他的心那样痛楚,手中紧扣白玉杯,目光终于忍不住再次看向她,终于忍不住轻声对她言道:“也许是庄生自己要梦见蝴蝶。”

她的脸上始终挂着清浅得体的微笑,这样小心翼翼地婉转提醒和拒绝他:“蝴蝶是庄生的理想…理想之于人,也许不如现实能够握在手中一般踏实。”

她是蝴蝶,他是庄生,却连邀蝴蝶入梦的微弱念头也不被许可。他的理想,不是她的现实,握在手中的现实总好过虚无飘渺的理想。她这样害怕,拒他于千里,不惜在皇兄面前冒险告诫他:就连庄生梦蝴蝶,也许都是奢望。

他了悟地垂首,耳边只听得一众宫妃针对她的唇枪舌剑,她在宫中的日子,哪怕是盛宠,只怕也是不好过的,何苦再为她平添一缕烦扰,岂非背离他怜惜她的初衷?

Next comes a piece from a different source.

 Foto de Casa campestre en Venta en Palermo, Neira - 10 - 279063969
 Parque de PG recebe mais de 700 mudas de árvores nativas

白玉杯中所盛,乃是她亲手所酿的桂花酒,散发着淡淡迷离桂香的淡酒,他倏然起立,一饮而尽,朗声为她解围。甄婕妤,玄清此时能做的,也唯有这些了。

不是不伤感的,连为她庆贺生辰,也只能躲在皇兄的吩咐名义下,穷尽着自己的心思。再怎样遗忘,太液同舟时的那一抹荷香,想必,她也是喜欢的。

四月十二,以满湖莲花为她芳诞庆生,以一曲凤凰于飞为她回环低落,那是他的梦想,却无端知晓,也必是她的梦想。他和她,总有共同的愿望,虽然简单,却是那样难求。无需表达,他知道,她懂。

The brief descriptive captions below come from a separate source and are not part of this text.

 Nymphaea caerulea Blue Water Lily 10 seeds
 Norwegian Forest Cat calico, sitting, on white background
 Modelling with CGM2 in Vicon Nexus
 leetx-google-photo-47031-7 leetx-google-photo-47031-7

是的,她懂,只是她不能“懂”。她的眼光如水,轻轻拂过他,最后落在皇兄身上,柔声说道:“多谢皇上。”声音欢悦,笑靥妩媚。

手心似乎还残留有那日触碰她嘴唇的余温未散,润泽着他无限惆怅的余温与想象,他不是圣人,若没有这仅有的温馨美好,实在不够支撑漫长的余生。

回首浮生恍若梦(四)[本章字数:2284最新更新时间:2009-10-09 16:29:08.0]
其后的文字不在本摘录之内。